**PROMPT**. Only one stretch of the data below is needed: the line with "allergy-research-group-arg-zen-sleep-sup-4.jpg" through the last line. Output it exactly and drop the pictures.
———
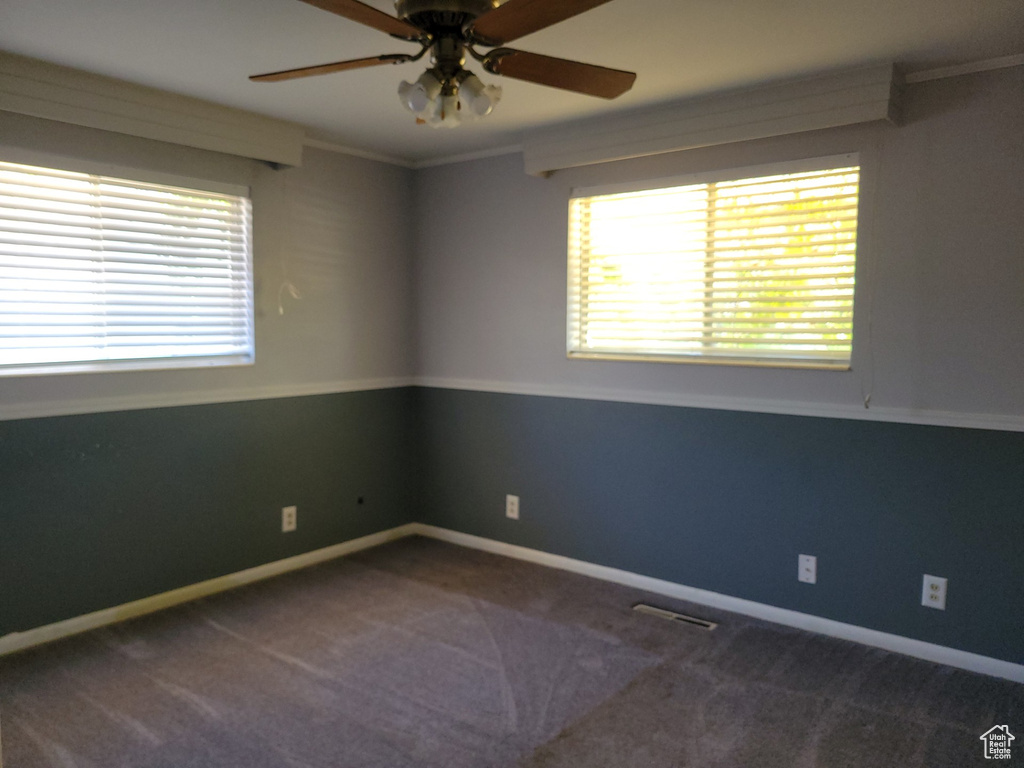 Photo 7 for MLS #2108939 at 360 W 200 North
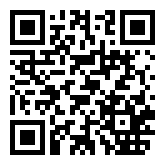 http://www.wlza.top/post/3161.html
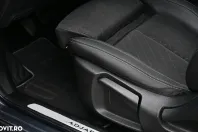 Renault Kadjar din 2020 cu 116.900 km - oferta REN187223 - foto 15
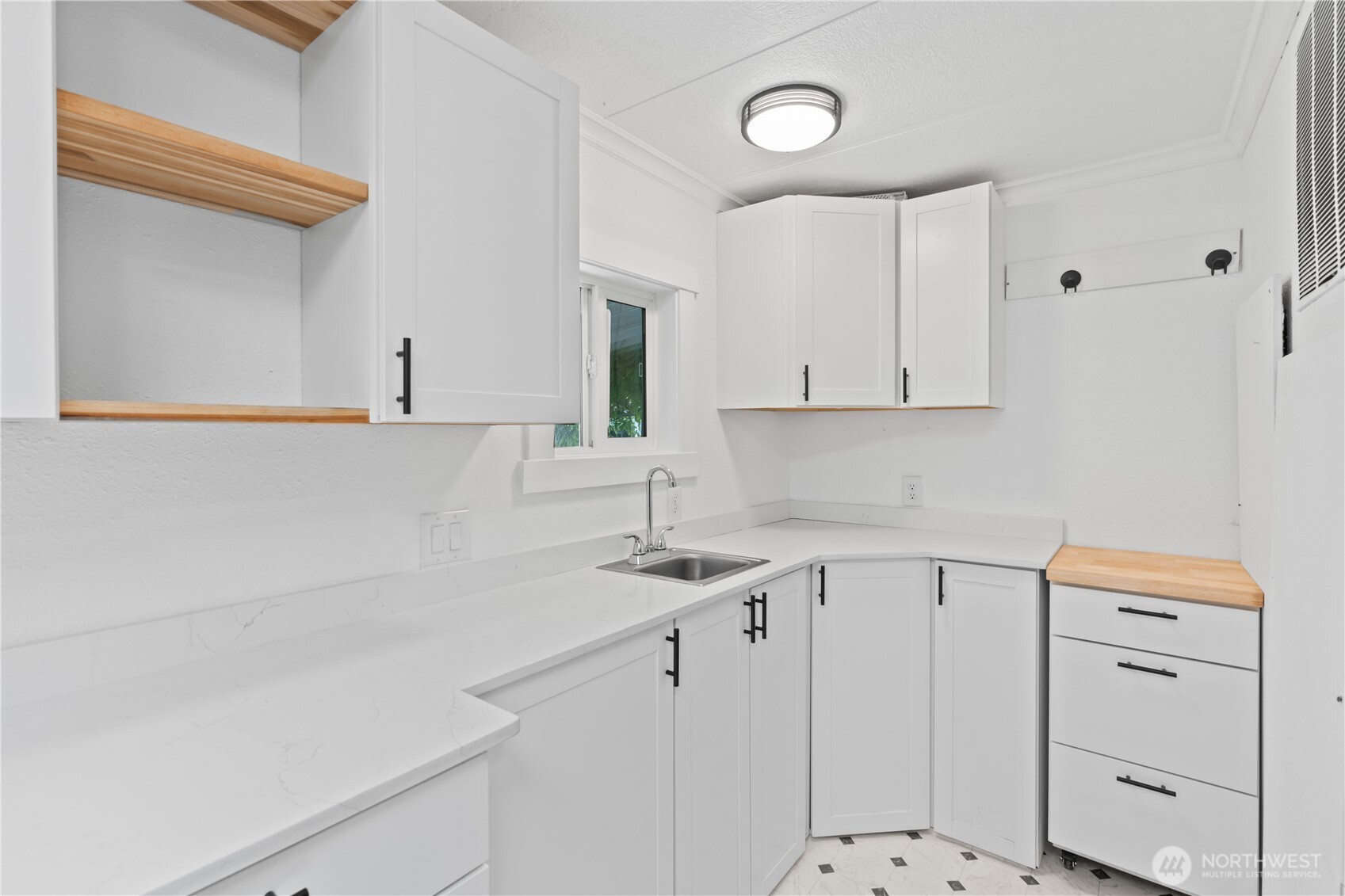 607 37th Street SE Unit: 92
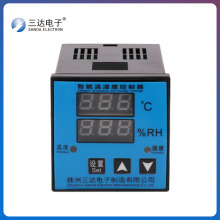 ���_KXL-13A-Z1�؝�ȿ�����  ���ܿ����� �S��ֱ�N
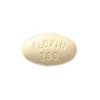 big-online-pharmacy-Floxin big-online-pharmacy-Floxin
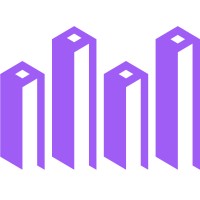 BizRaport logo - Similar company to Scoutmaker.Pro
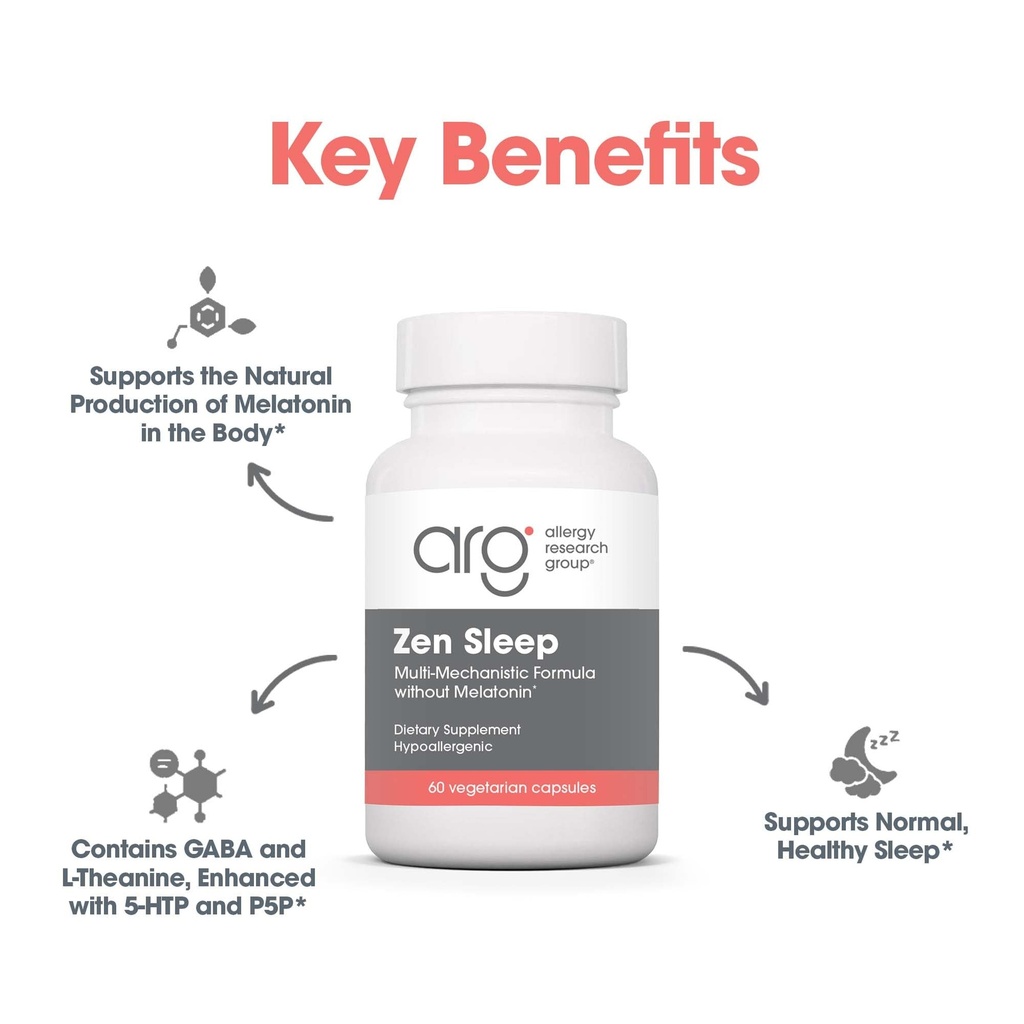 allergy-research-group-arg-zen-sleep-sup-4.jpg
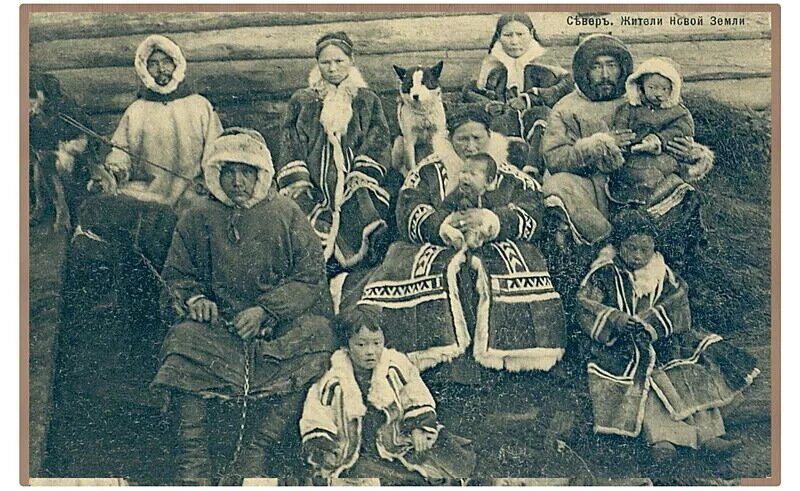 Народы сибири ненцы в 17 веке. Ханты (остяки). Ненцы 19 век. Якуты, чукчи, ханты, ненцы. Ненцы самоеды.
———
**PROBLEM SOLUTION**.
 allergy-research-group-arg-zen-sleep-sup-4.jpg
 Народы сибири ненцы в 17 веке. Ханты (остяки). Ненцы 19 век. Якуты, чукчи, ханты, ненцы. Ненцы самоеды.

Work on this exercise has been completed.